Learn English – Use and meaning of o between words in blends

compoundsetymologyportmanteau-words

First things first: I'm italian, so please apologize me for my poor english.

While trying to create a name for a thing, I got curious by the question in the title. Many English words (new and old ones, blends or compounds) spot an o between the two words wich are built from. For example I've found herbopedia, foodopedia, carorama, and so on. By the way, I've found even foodepedia and Google (for what it's worth) seems to think it's better than foodopedia.

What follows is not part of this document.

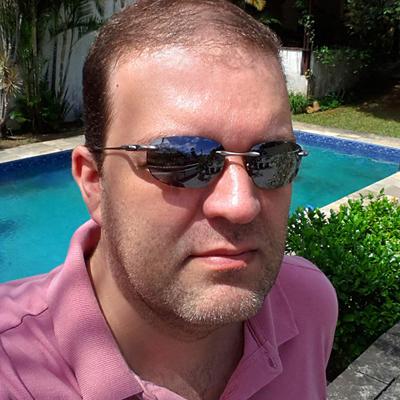 Homem On - Twitter Profile Picture of Homem On (@LuisSoaresReal) on Twitter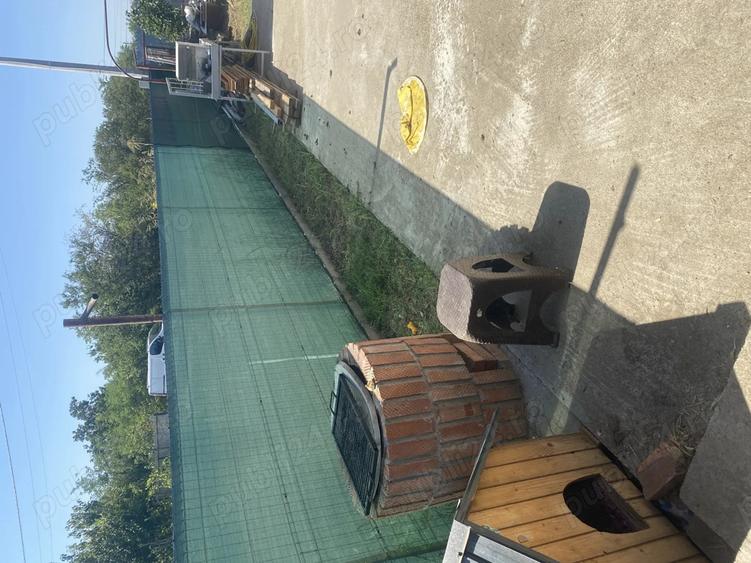 Casa de vanzare!!! - 2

Now, I know what -rama and -pedia stand for, so no problem here. And I know that usually an o' between two words means of, like in will o' the wisp is William of the wisp.
But if this being the case it should be "pediaofood", that sound pretty ridicolous. Even more, seems that foodopedia and foodepedia are equivalent…so? Where those vocals come from, and what is their meaning?

Thx all 🙂

Best Answer

In the case of the examples you mention, the 'o' does not get inserted to combine, for example, 'herb' and 'pedia', but is part of -opedia and is a portmanteau abbreviating 'herb encyclopedia'.

The reason Google prefers foodepedia is because Foodepedia as a website has significant exposure, whereas foodopedia does not. Foodopedia would be the more direct portmanteau of 'food' and 'encyclopedia', but presumably sounded less attractive to the site creators.

You are correct that 'o' is short for 'of' in examples like "will o' the wisp" or "cat o' nine tails".